■ Source records ■
● ● ● ●
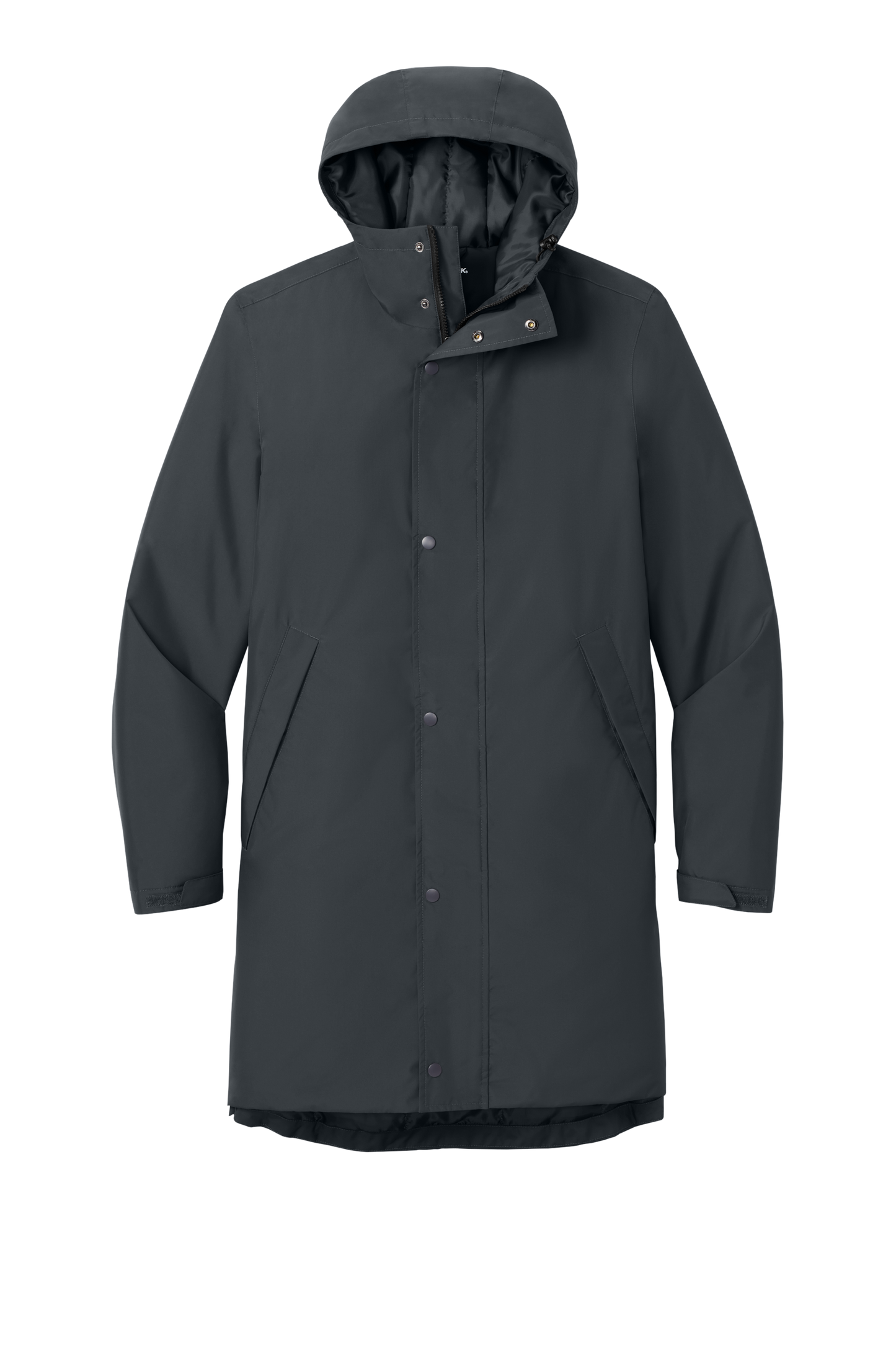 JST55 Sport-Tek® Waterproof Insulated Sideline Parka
● ● ● ●
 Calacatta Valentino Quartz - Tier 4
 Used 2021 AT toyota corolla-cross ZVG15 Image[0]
● ● ● ●
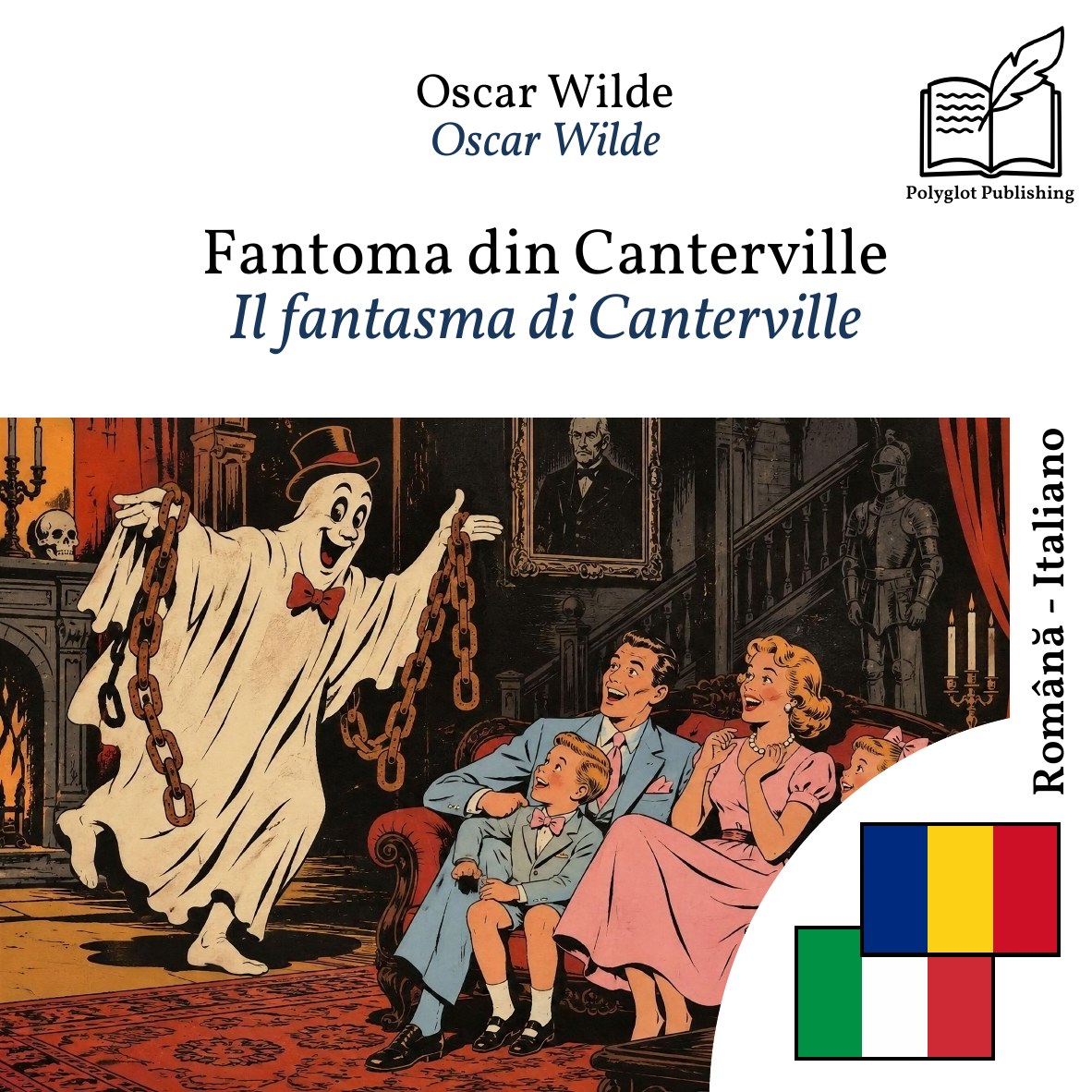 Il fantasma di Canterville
● ● ● ●
Going back to the entries above, set down exactly the lines that begin at the one with "Calacatta Valentino Quartz - Tier 4" and end at the one with "Used 2021 AT", both included, and nothing else.

 Calacatta Valentino Quartz - Tier 4
 Used 2021 AT toyota corolla-cross ZVG15 Image[0]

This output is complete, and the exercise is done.